Etavard fremdelt immer weiter mit der Kirche. Die tausendfachen Missbrauchsfälle bringen das Fass schließlich zum Überlaufen. Die einst Kirchenverbundene erklärt, dass sie einerseits das Ausmaß des Skandals schockiert hat, andererseits der aus ihrer Sicht mangelnde Wille zur Aufarbeitung: “Dass keiner Verantwortung übernommen hat, das war eigentlich das Schlimmste für mich. Es hat die Rolle der Kirche als Zufluchtsort ad absurdum geführt.” Kirche – das sei einfach nicht mehr ihr Verein. Auch wenn es Werte und Menschen darin gebe, die sie unterstützenswert finde. Etavard tritt schon 2017 aus. Fragt man sie, ob sie sich vorstellen könne, dennoch irgendwann wieder in die Kirche einzutreten, sagt sie: “Lassen Sie es uns positiv formulieren: Würde ich mich über einen Anlass freuen zurückzukehren? Ja!”

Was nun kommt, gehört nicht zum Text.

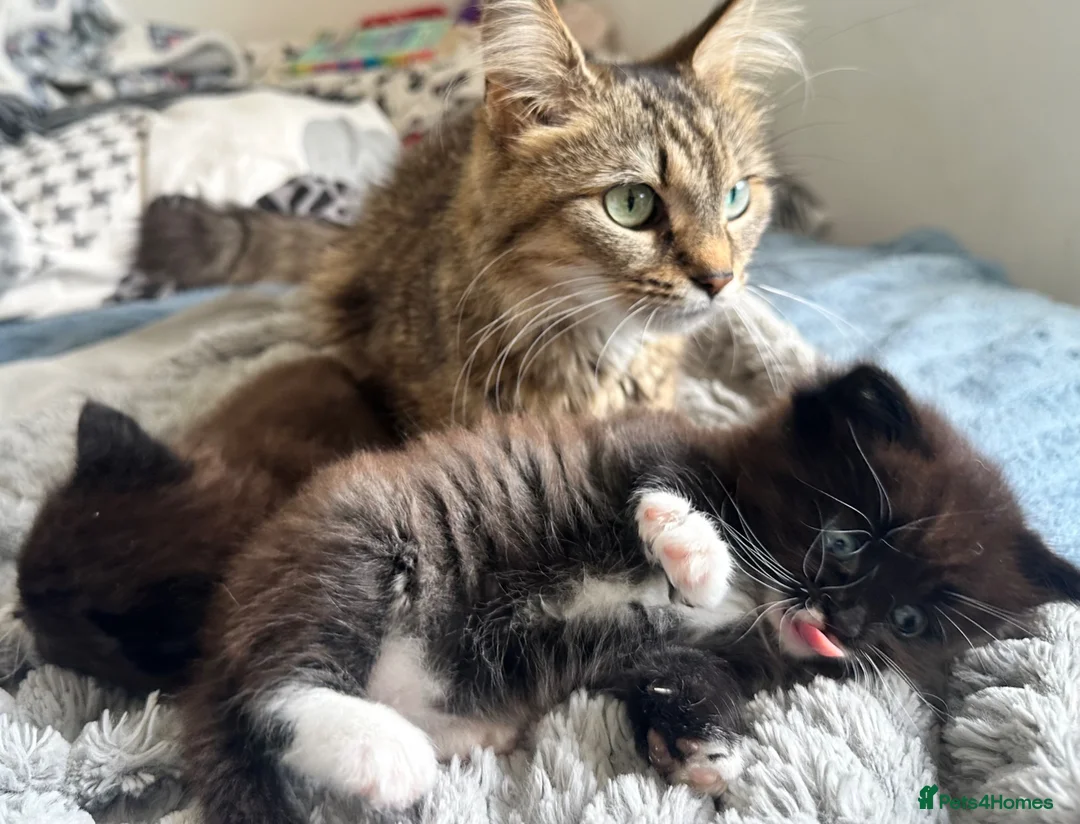 Ragdoll cats for sale: Beautiful ragdoll X  in Dover - Advert 2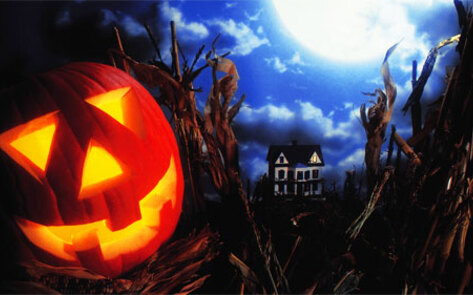 How to Celebrate a Vegan Halloween in Norfolk, VA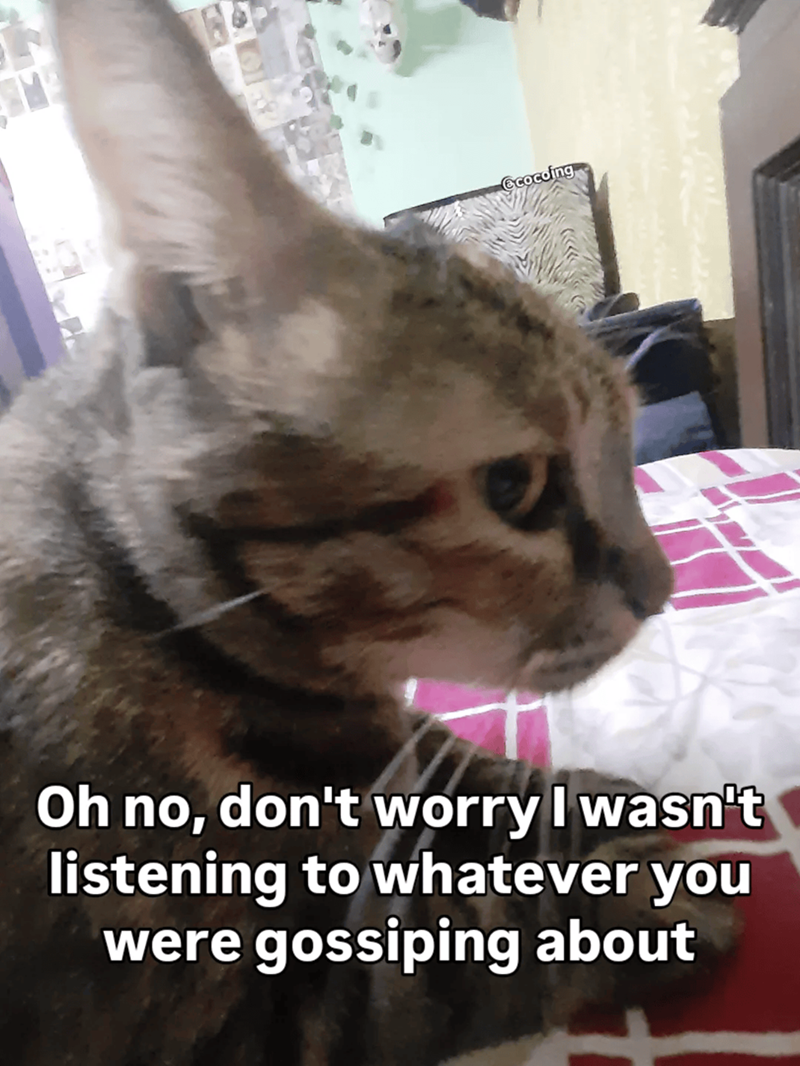 Cheezburger Image 10609662720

Martin L. ist so ein “Rückkehrer”. Der 36-Jährige lebt in einer kleinen Gemeinde nahe Nürnberg und ist seit 2013 mit seinem Mann verheiratet. 2013 ist auch das Jahr seines Kirchenaustritts, denn “es war zu damaliger Zeit sehr unschön, wie mit uns als Paar umgegangen wurde”. Dabei waren Kirche und Glaube immer fester Bestandteil seines Familienlebens gewesen; der Wunsch nach einer kirchlichen Feier war groß. Aber in der Heimatgemeinde sei es “schier unmöglich” gewesen, eine wie auch immer gestaltete Segensfeier durchzusetzen. “Dabei heißt es doch: Vor Gott sind alle Kinder gleich. Aber wir sind nicht gleich”, kritisiert der Gesundheits- und Krankenpfleger, der als Teamleiter auf einer Palliativstation arbeitet.

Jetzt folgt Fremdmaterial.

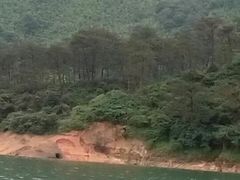 -广州市流溪河国家森林公园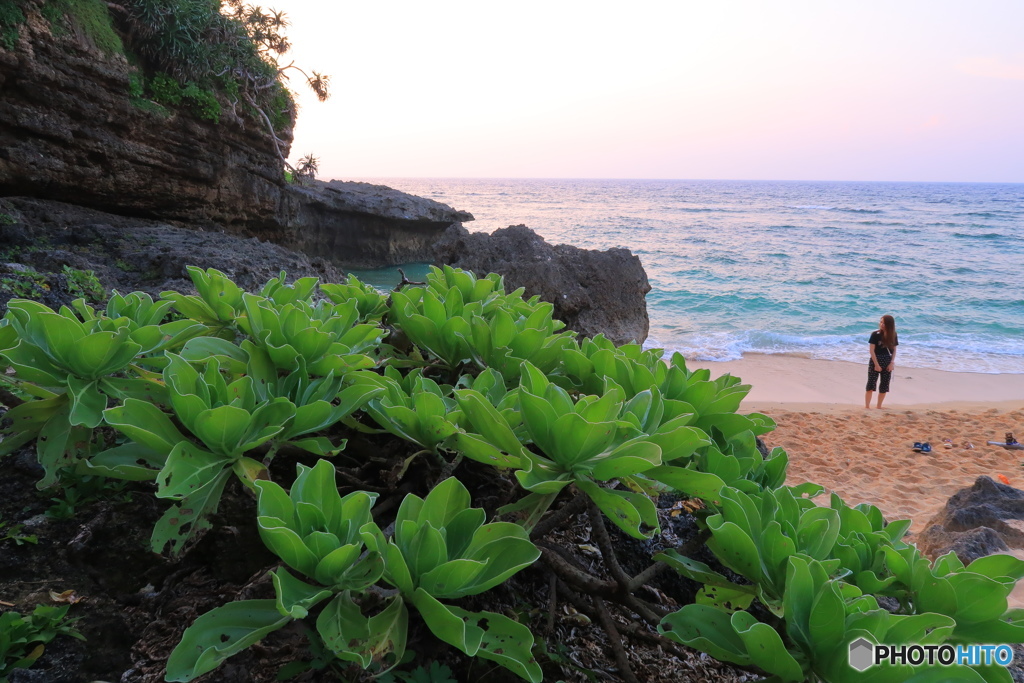 沖縄 古宇利島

Die Enttäuschung treiben ihn und seinen Mann aus der Kirche. “Uns wurde signalisiert, dass wir weniger wert sind als ein heterosexuelles Paar, obwohl wir uns genauso lieben wollen, in guten wie in schlechten Zeit, bis zum Ende unseres Lebens.” Doch trotz seines Austritts fühlt sich L. der Kirche weiter zugehörig und hadert in den nächsten Jahren mit seinem Austritt. Als dann seine Nichte 2023 geboren wird, steht für ihn fest: Ich trete wieder ein: “Taufpate meiner Nichte zu werden, ist für mich ein wahnsinnig wichtiger Schritt gewesen. Und auch meinem Bruder hat das sehr viel bedeutet.”

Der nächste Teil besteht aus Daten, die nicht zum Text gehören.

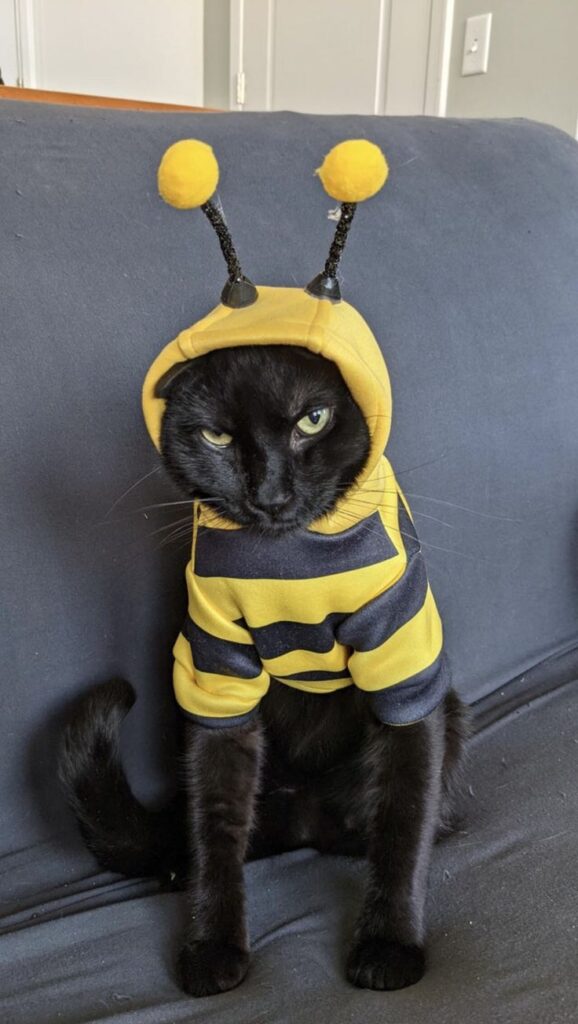 DIY Pet Costumes for Halloween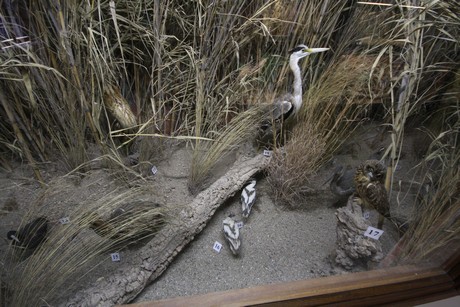 aquarium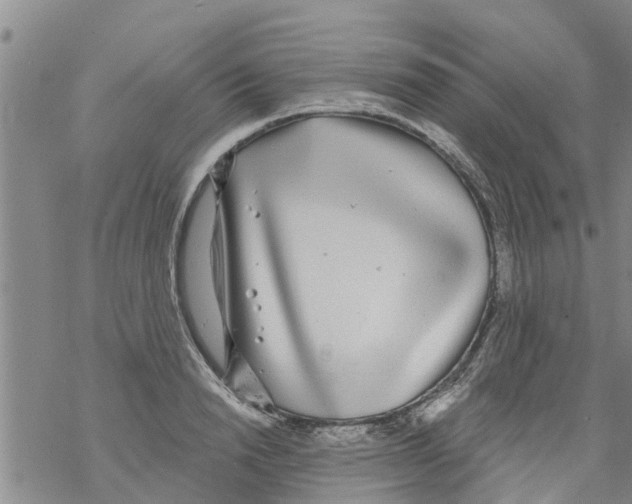 X0000068770846200605262204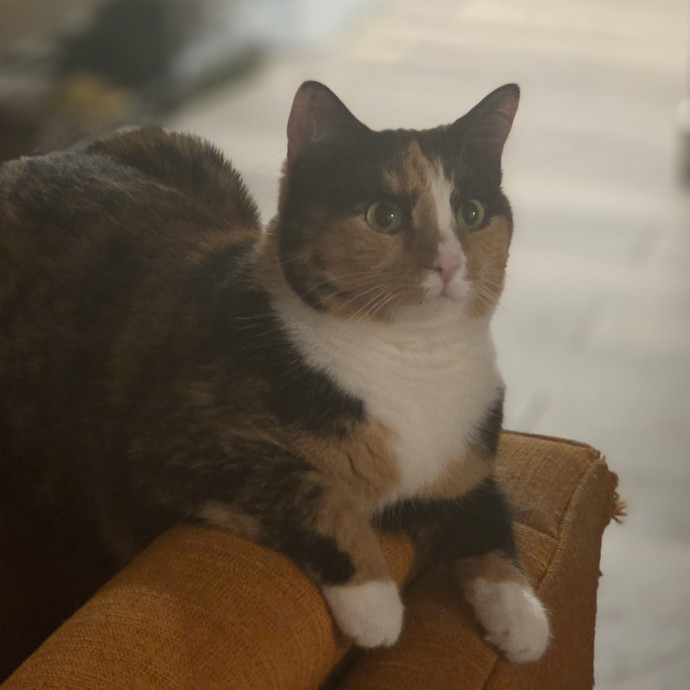 Cat Care Specialist  25 Yrs Experience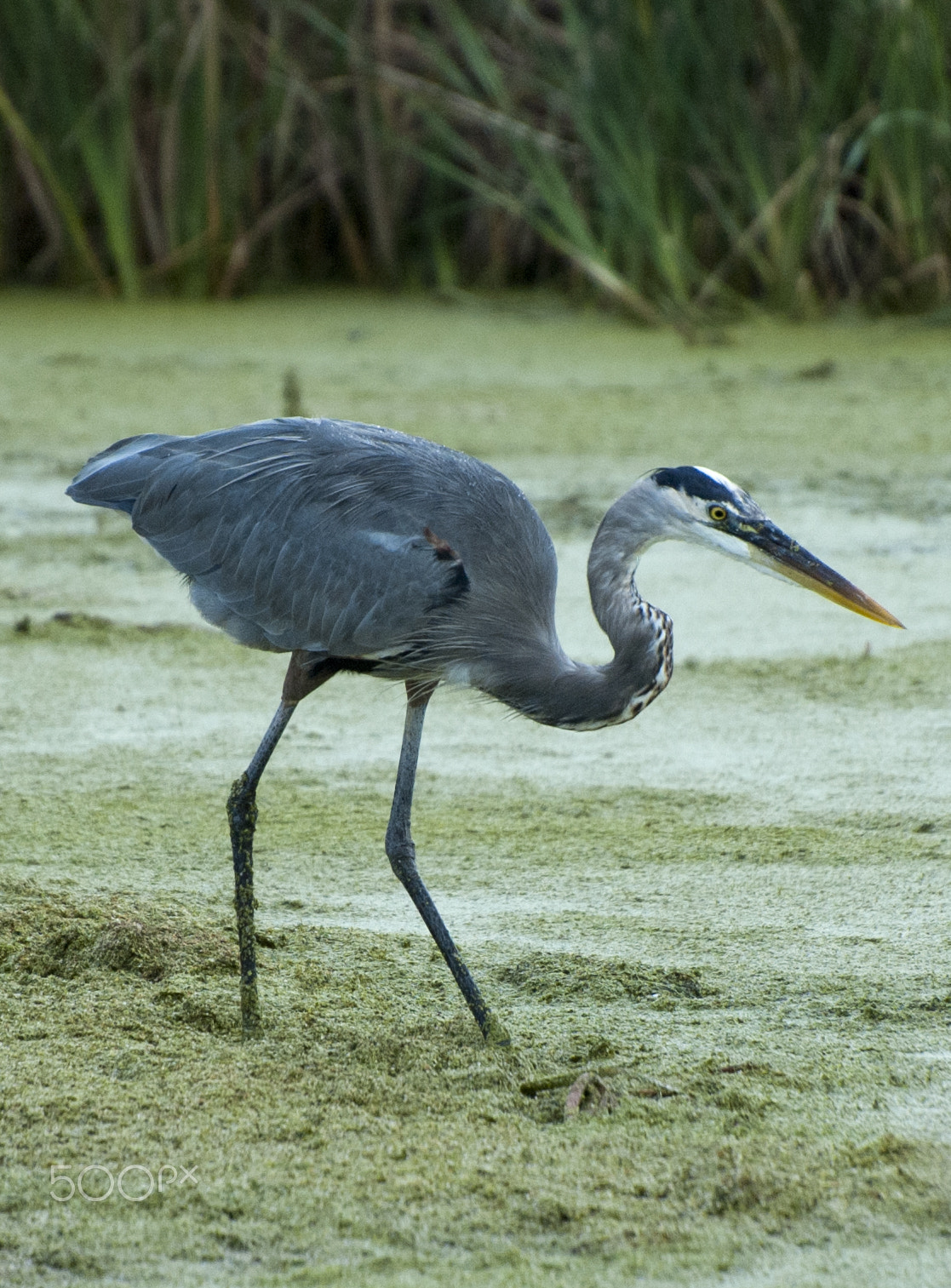 Nikon D70 sample photo. Gray huron photography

Also feiert erst Michael L. eine Wiedereintrittszeremonie in der Nürnberger City-Kirche St. Klara. Sie ist “offen für alle”, wie es auf der Website heißt, und gibt sich für L. Mühe, wie er berichtet. “Der Pfarrer und Pastoralreferent haben sich für mich eine Segensfeier überlegt, weil es für einen Wiedereintritt eigentlich keine festen Rituale gibt. Es war wirklich schön und besonders und kam fast einer Taufe gleich”, erinnert sich L. an die Feier im Februar dieses Jahre. Zwei Wochen später ist er wieder in der Kirche – als Taufpate seiner Nichte. Durch den Wiedereintritt, sagt der 36-Jährige, fühle er sich Gott und der Kirchengemeinde wieder verbundener und gestärkt. Sein Ehemann bleibe aber ausgetreten: “Da müsste sich kirchlich mehr tun, damit er wieder eintritt.”